It’s July, 2019. You know what that means? The 50th anniversary of the Apollo 11 mission is this month.

I’ve already got serious moon fever, and if you’d like to join me, I have some recommendations…

Watch the Apollo 11 documentary in a cinema. The 70mm footage is stunning, the sound design is immersive, the music is superb, and there’s some neat data visualisation too. Watching a preview screening in the Duke of York’s last week was pure joy from start to finish.

Listen to 13 Minutes To The Moon, the terrific ongoing BBC podcast by Kevin Fong. It’s got all my favourite titans of NASA: Michael Collins, Margaret Hamilton, and Charlie Duke, amongst others. And it’s got music by Hans Zimmer.
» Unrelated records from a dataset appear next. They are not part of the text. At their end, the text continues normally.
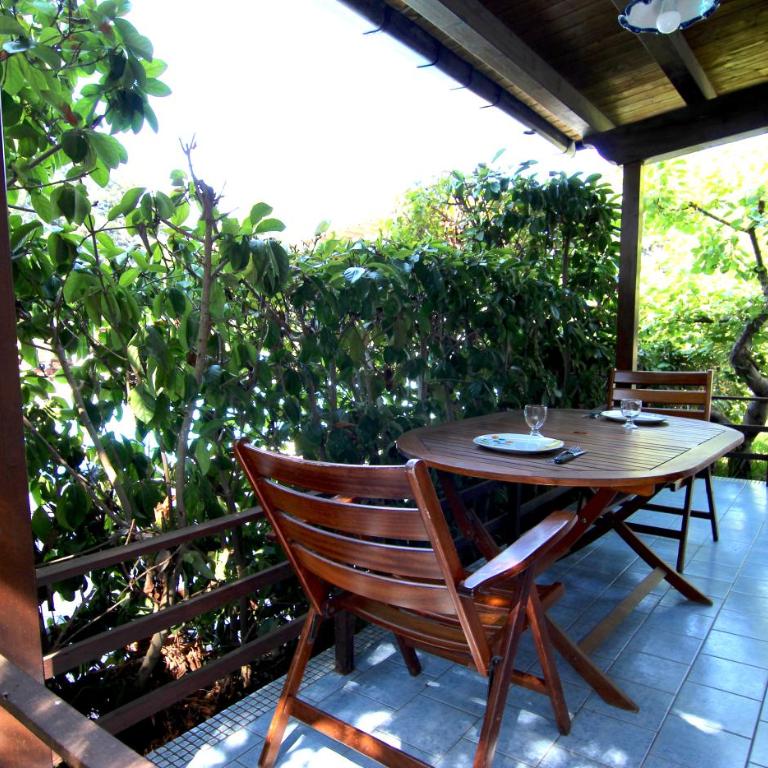 VILLASEASICILY , POOL SALT WATER and NATURAL CHLORINE IN BALESTRATE - PALERMO - Villa con 1 Camera da Letto - 16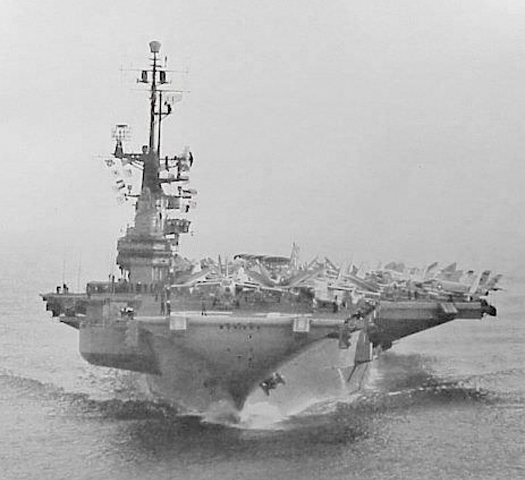 USS Coral Sea CVA-43 Association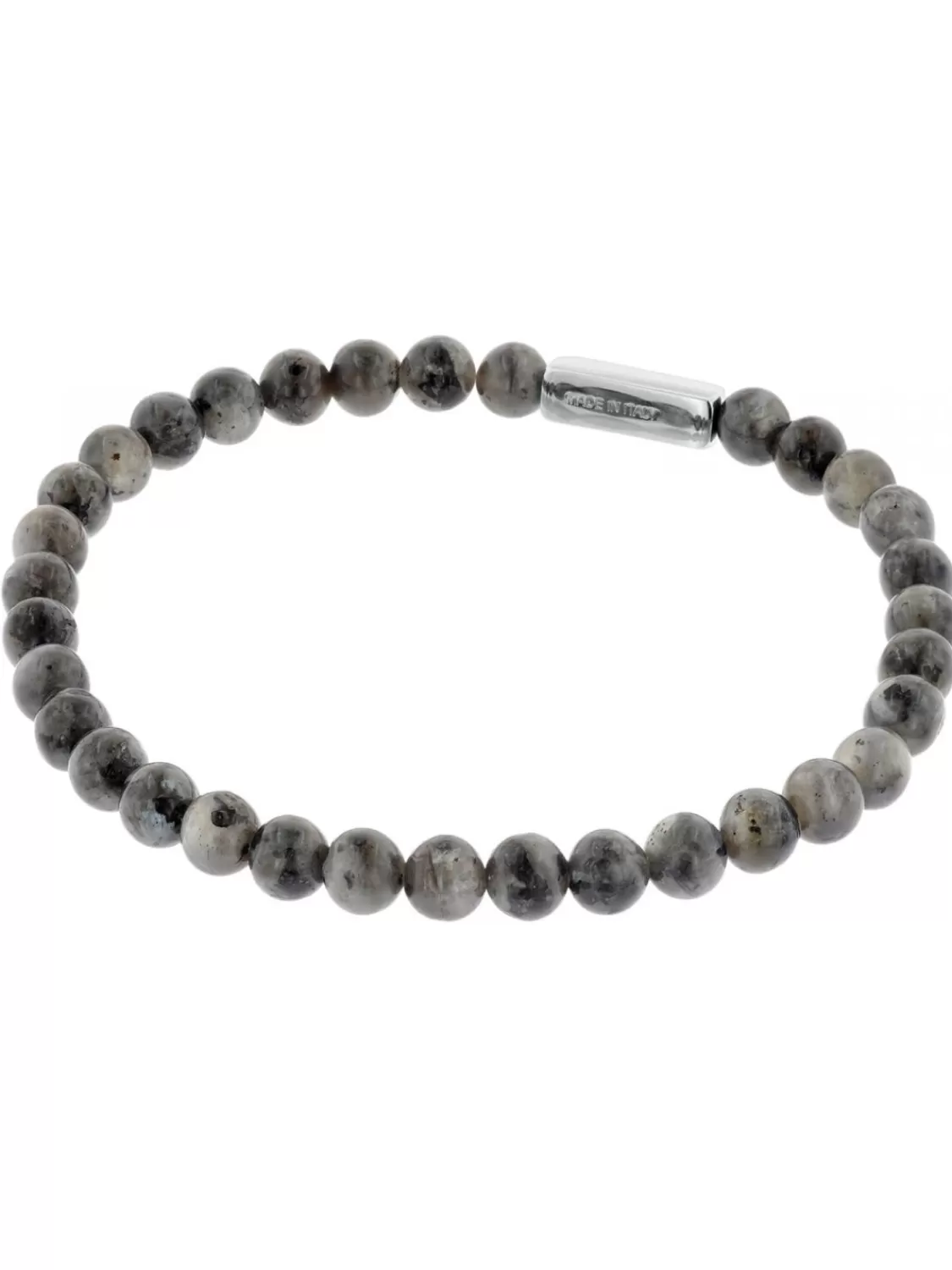 BOSS Herren-Armband Bob Light Pastel Grey | Herrenschmuck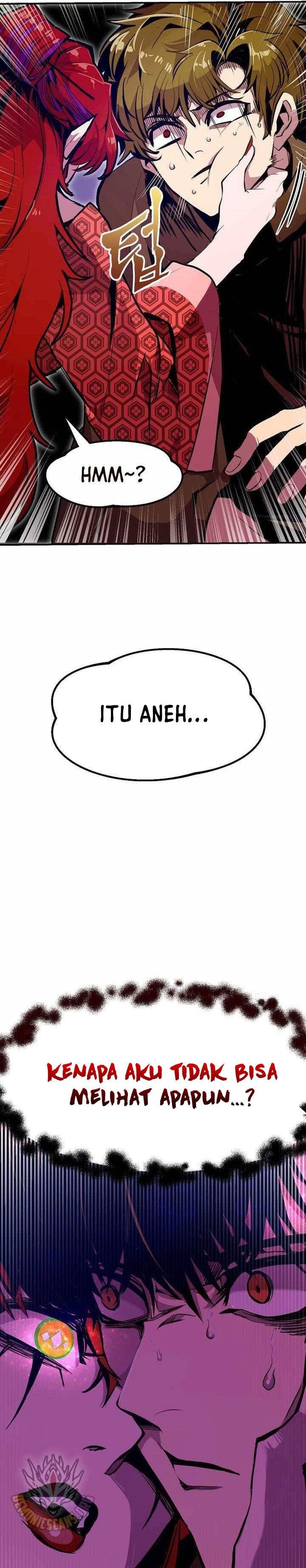 Worthless Regression Chap 67 - Next Chap 68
Experience the website Apollo 11 In Real Time on the biggest monitor you can. It’s absolutely wonderful! From July 16th, you can experience the mission timeshifted by exactly 50 years, but if you don’t want to wait, you can dive in right now. It genuinely feels like being in Mission Control!

Spacelogging

When I was gushing enthusiastically about Old Weather, I tried (and failed) to explain what it is that makes it so damn brilliant. I’ve just experienced some of that same brilliance. This time the source is Spacelog:

Read the stories of early space exploration from the original NASA transcripts. Now open to the public in a searchable, linkable format.

You can now read the transcripts from the Apollo 13 and Mercury 6 missions, and every single utterance has a permalink. For example:

Houston, we’ve had a problem.

The beauty of the idea is matched in the execution. Everything about the visual design helps to turn something that was previously simply information into an immersive, emotional experience. It’s one thing to know that these incredible events took place, it’s another to really feel it.

Spacelog shares the spirit of Science Hack Day. It’s a /dev/fort creation, put together in an incredibly short period of time; Norm! has the low-down.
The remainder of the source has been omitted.